(WHAT YOU SHOULD DO):
Output only the lines that run from the line holding "90 Rowley Street photo 22" to the end of the entries, both ends included, and skip the pictures.

(EXCERPTED RECORDS):
====

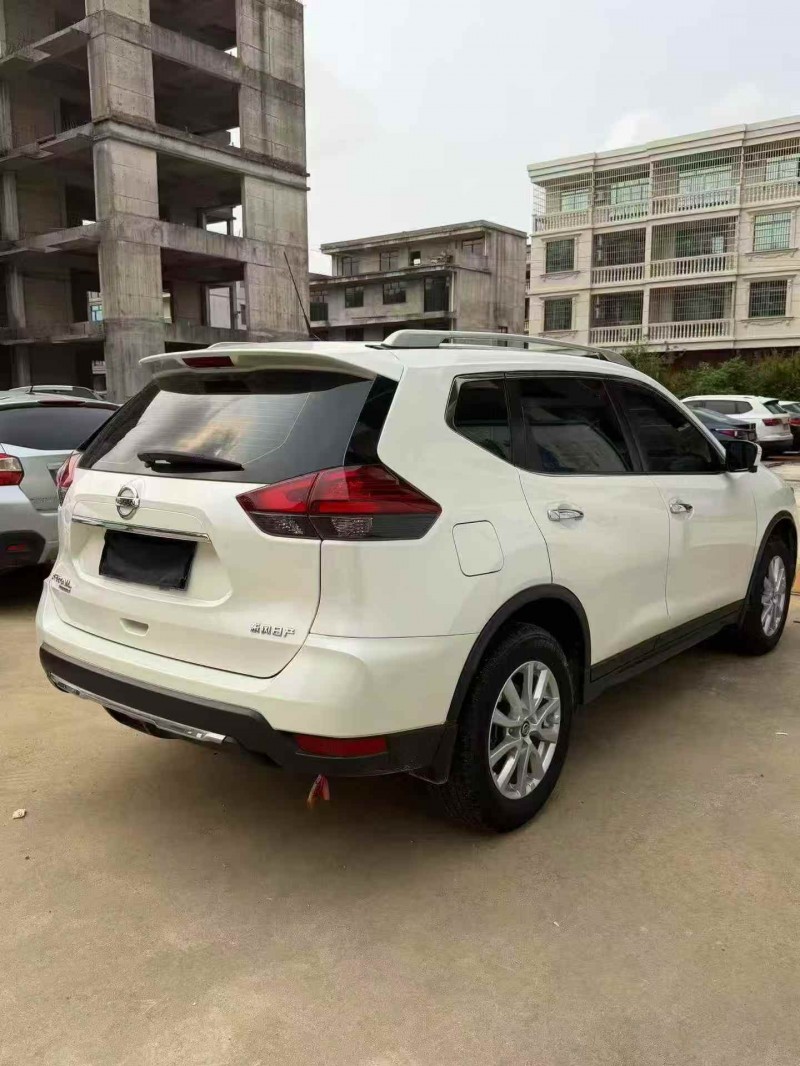 梧州22年日产奇骏7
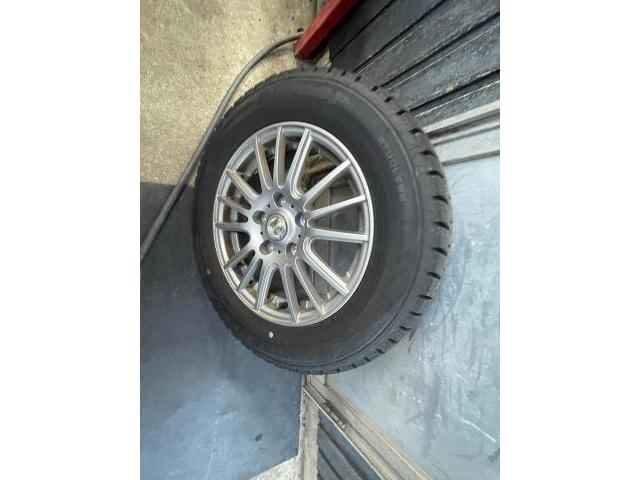 セレナ　ホイール・タイヤ交換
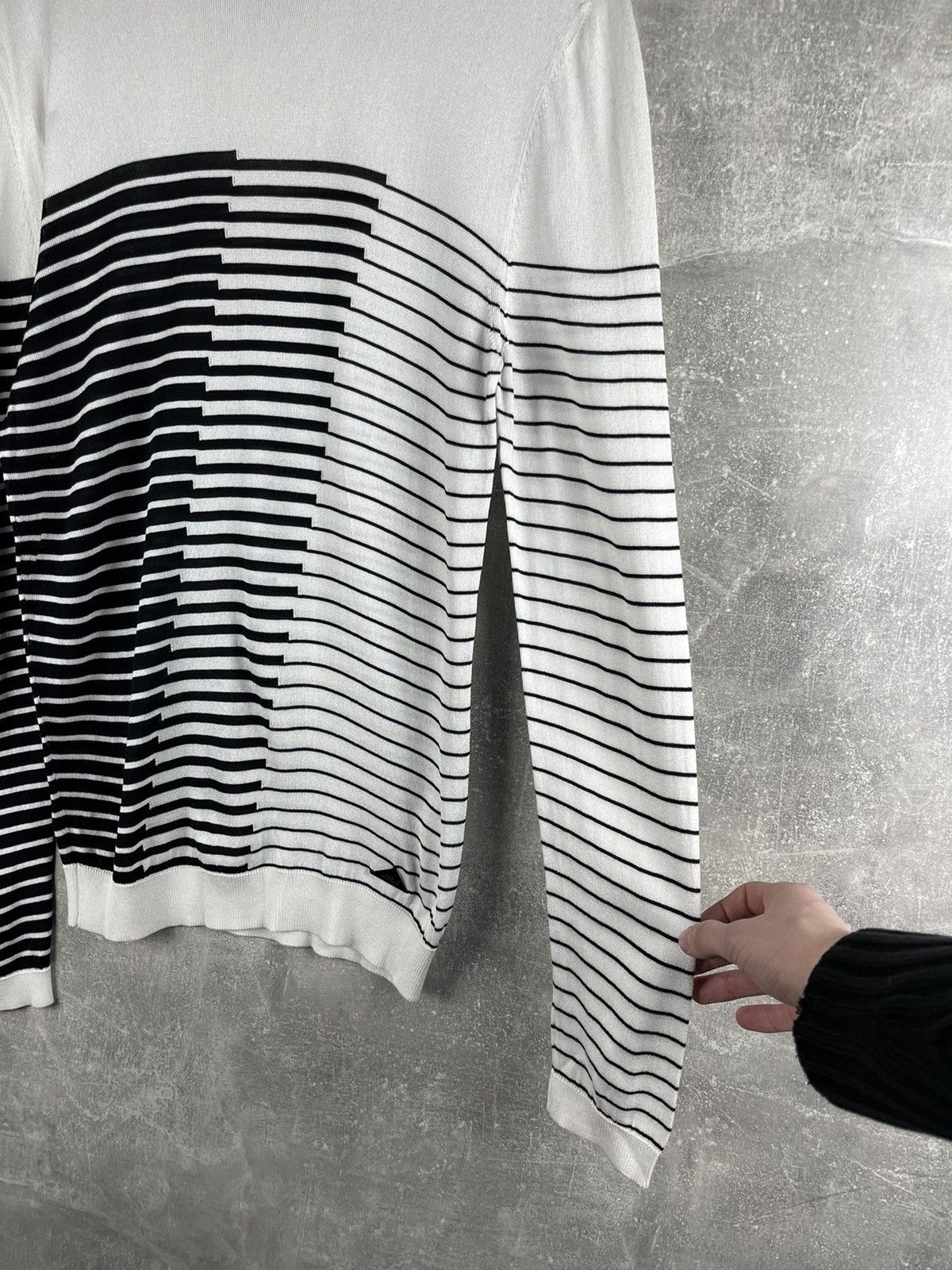 Versus Versace Versus Versace Italy Black White Optical Stripe Knit Sweater Size US M / EU 48-50 / 2 - 4 Thumbnail
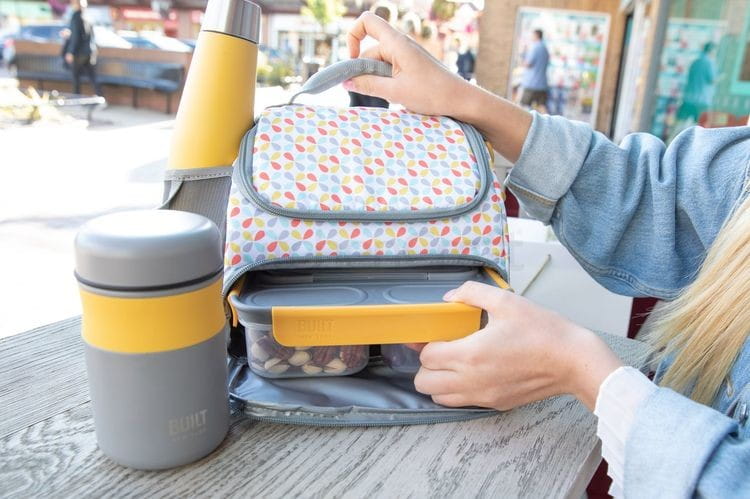 Termos i lunchbox – jak zapakować prowiant na jednodniową wycieczkę?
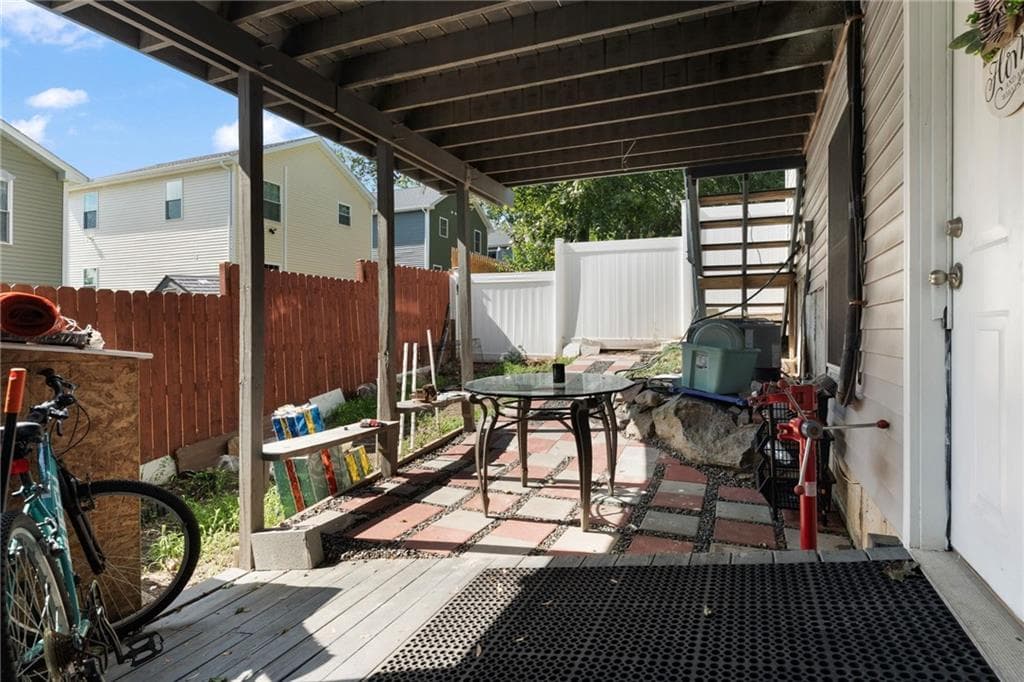 90 Rowley Street photo 22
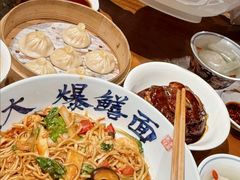 -李犟大爆鳝面·手工蟹黄包(湖滨西湖店)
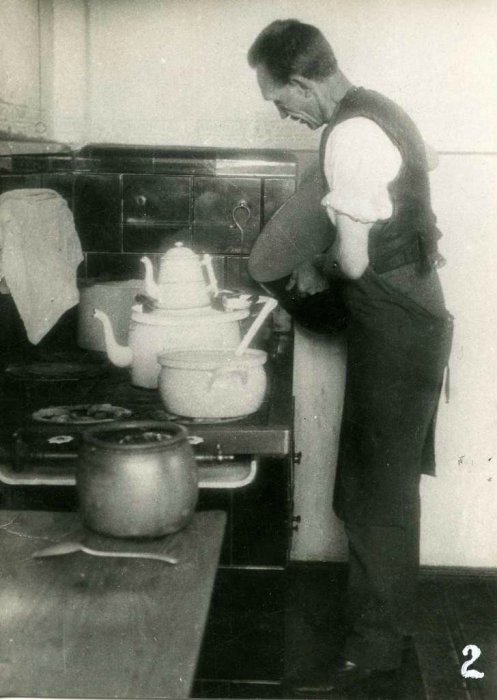 Бывший командующий 10-м уланским полком, в эмиграции работающий кухонным работником.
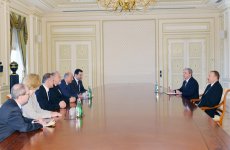 Президент Азербайджана принял руководителей компаний Astrium и European Aeronautic Defence and Space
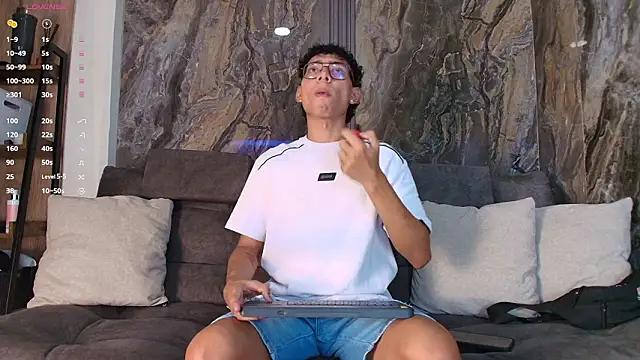 Daviid laidd online show from 03-06-26, 10:16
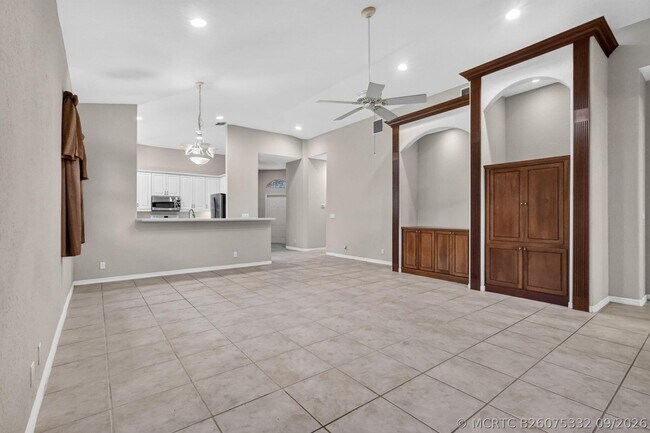 Building Photo - 2426 Sandy Cay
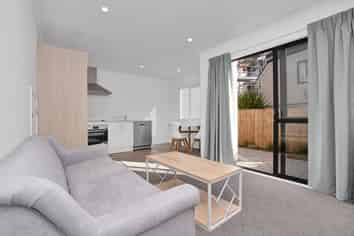 4B/3 Snead Place, Hamilton East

====

(RESULT FOR THIS EXERCISE):
 90 Rowley Street photo 22
 -李犟大爆鳝面·手工蟹黄包(湖滨西湖店)
 Бывший командующий 10-м уланским полком, в эмиграции работающий кухонным работником.
 Президент Азербайджана принял руководителей компаний Astrium и European Aeronautic Defence and Space
 Daviid laidd online show from 03-06-26, 10:16
 Building Photo - 2426 Sandy Cay
 4B/3 Snead Place, Hamilton East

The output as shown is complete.